While states have considered adopting Horowitz’s proposal, others are looking at policies that would examine and protect “intellectual diversity” at state universities.
With language adopted from the report Intellectual Diversity: Time for Action published by the Washington D.C-based American Council of Trustees and Alumni, the bills contain provisions that would recommend eliminating speech codes that restrict freedom of speech, creating student press freedom protections and prohibiting viewpoint discrimination while distributing student funds, among others.
But the bills based on the report also call for regular studies to assess intellectual diversity at state university campuses, which opponents say would create a similar environment as the one pitched by proponents of Horowitz’s Academic Bill of Rights.
“You can only have the marketplace of ideas that makes critical thinking and higher education possible when everyone in the classroom is able to bring up positions that are relevant, without the legislature clamping down on them,” Fitzgerald said.
But Charles Mitchell, spokesman for the American Council of Trustees and Alumni, said that regular intellectual diversity studies conducted by the universities would not stifle free expression on college campuses.
“One of the best things that we think institutions can do is to just do a self-study,” Mitchell said. “There’s absolutely no reason to not ask students what they think about this every year.”
Lawmakers in Montana and Virginia have defeated intellectual diversity bills, but legislation is also being considered Georgia and Missouri, where the state’s house of representatives passed an intellectual diversity bill in April.
Similar to the legislation based on Horowitz’s Academic Bill of Rights, the intellectual diversity bills include language that recommends barring political bias during the hiring and promoting of professors.
Mitchell said when an instructor advocates an opinion that is unrelated to a class, “that’s not professional behavior.”
“That’s not teaching, that’s not relevant, that’s not helpful, that’s not professional behavior,” Mitchell said.
Fitzgerald said that professors may present different opinions in order to stimulate debate in classes.
“Students generally want to be challenged, that’s how they learn and professors are professionals that deeply care about educating students,” she said.
Mitchell said that intellectual diversity legislation would not stifle free speech on campuses.
“We don’t want to see that problem and attempt to fix that problem and create a bunch of other problems,” Mitchell said.
But with the Academic Bill of Rights and intellectual diversity legislation, opponents say solutions are being proposed to problems that do not exist.

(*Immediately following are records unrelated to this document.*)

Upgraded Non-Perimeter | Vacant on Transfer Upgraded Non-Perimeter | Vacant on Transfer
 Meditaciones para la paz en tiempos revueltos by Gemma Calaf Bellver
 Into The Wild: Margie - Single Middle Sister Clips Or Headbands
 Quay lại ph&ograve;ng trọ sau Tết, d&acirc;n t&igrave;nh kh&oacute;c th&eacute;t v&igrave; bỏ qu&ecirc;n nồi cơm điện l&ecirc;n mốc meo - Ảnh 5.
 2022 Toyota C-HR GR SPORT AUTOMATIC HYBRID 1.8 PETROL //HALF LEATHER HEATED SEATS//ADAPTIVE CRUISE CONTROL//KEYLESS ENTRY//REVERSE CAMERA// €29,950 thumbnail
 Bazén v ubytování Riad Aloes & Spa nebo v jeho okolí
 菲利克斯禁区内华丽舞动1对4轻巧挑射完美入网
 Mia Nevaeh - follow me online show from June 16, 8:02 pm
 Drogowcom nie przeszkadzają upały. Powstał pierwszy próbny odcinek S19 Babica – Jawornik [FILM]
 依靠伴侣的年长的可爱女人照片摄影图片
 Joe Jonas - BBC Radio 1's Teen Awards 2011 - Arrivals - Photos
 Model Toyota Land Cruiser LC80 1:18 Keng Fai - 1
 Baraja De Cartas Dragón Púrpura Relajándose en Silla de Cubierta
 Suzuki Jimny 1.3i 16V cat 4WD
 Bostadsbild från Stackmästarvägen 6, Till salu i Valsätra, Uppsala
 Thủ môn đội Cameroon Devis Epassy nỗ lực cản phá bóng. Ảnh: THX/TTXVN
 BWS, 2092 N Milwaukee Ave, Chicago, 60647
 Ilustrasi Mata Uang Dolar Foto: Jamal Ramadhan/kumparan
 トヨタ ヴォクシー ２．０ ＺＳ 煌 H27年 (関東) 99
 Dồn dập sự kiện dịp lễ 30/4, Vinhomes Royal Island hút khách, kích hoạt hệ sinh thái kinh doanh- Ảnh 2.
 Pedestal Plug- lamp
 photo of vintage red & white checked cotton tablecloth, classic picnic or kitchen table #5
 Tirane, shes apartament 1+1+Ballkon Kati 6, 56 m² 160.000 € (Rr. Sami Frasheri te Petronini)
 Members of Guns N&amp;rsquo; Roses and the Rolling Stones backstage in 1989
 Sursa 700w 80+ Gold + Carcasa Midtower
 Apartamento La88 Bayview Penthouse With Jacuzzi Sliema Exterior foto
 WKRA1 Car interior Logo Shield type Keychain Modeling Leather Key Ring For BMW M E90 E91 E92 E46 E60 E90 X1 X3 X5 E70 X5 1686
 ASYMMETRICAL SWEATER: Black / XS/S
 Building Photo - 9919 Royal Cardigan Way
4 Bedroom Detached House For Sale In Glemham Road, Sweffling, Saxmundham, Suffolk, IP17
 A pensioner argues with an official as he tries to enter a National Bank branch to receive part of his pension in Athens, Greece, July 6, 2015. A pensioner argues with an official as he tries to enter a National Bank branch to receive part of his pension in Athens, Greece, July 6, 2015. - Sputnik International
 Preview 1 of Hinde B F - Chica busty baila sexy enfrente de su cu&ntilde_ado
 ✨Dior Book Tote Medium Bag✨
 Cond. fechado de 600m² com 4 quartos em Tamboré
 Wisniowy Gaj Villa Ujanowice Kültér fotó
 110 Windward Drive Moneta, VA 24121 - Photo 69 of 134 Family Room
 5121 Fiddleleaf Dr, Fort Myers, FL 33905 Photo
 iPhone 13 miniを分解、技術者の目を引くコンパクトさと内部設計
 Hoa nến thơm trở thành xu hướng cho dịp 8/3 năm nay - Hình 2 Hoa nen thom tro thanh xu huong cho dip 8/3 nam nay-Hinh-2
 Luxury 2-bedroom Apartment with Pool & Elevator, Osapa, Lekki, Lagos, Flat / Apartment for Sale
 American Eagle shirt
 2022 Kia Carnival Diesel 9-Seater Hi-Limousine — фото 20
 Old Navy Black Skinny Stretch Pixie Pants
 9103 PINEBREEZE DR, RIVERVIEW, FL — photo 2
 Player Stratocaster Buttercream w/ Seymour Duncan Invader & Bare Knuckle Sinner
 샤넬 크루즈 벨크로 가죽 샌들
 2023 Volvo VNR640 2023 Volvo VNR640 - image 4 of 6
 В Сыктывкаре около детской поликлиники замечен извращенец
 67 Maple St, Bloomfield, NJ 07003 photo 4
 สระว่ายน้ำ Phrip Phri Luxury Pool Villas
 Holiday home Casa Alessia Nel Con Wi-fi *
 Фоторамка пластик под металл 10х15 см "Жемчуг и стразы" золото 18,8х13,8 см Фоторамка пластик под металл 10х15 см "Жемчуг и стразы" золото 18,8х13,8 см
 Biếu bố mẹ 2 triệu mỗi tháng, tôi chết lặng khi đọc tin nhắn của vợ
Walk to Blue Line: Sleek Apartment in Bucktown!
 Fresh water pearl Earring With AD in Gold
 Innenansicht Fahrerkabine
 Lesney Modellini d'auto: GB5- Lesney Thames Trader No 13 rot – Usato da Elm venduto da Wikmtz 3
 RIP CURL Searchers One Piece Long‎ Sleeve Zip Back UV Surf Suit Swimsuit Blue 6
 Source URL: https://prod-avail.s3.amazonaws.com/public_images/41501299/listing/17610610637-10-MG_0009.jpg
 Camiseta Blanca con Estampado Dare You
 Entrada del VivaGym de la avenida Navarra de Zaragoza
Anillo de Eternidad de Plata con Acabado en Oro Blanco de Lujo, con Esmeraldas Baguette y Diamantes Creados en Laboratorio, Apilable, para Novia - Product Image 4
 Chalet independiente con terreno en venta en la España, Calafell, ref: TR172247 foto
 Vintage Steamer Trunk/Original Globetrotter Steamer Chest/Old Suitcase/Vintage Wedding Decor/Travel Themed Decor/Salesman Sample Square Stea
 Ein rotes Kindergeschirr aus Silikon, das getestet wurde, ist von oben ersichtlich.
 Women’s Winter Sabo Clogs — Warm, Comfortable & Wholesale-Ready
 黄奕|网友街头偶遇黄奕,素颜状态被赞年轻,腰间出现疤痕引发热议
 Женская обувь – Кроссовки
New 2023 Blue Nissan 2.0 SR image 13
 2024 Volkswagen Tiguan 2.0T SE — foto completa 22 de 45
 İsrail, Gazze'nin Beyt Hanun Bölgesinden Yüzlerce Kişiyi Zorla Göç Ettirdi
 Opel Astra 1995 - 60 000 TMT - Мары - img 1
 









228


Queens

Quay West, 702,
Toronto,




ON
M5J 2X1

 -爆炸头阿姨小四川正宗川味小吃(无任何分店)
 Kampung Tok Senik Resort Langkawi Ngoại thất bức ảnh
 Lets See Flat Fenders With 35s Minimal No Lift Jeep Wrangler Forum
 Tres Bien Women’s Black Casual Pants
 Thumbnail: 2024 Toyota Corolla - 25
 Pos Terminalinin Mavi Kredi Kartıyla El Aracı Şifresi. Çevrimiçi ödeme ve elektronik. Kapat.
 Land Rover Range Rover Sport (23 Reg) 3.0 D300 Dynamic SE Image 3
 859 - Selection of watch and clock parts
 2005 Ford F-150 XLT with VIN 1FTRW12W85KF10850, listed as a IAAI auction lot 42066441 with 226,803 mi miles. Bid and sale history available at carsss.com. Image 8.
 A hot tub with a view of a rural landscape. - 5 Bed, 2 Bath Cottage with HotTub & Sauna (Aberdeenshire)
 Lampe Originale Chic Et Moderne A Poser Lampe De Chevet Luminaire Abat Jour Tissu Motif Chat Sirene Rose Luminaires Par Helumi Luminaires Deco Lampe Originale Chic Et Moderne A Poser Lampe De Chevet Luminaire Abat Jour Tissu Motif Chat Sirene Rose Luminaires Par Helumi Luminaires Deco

Unrein said greater problems exist in higher education today, such as high tuition rates.
“I think there are a lot of real problems in education, but we are talking about these issues that don’t seem to be an actual problem,” Unrein said.
Fitzgerald said if a state or university were to adopt restrictions proposed in the Academic Bill of Rights or intellectual diversity policies, the “long term impact would be a lower quality of higher education.”
“A free exchange of ideas is absolutely critical to education, inside and out,” she said. “The only way you get that free exchange of ideas is an environment without restrictions.”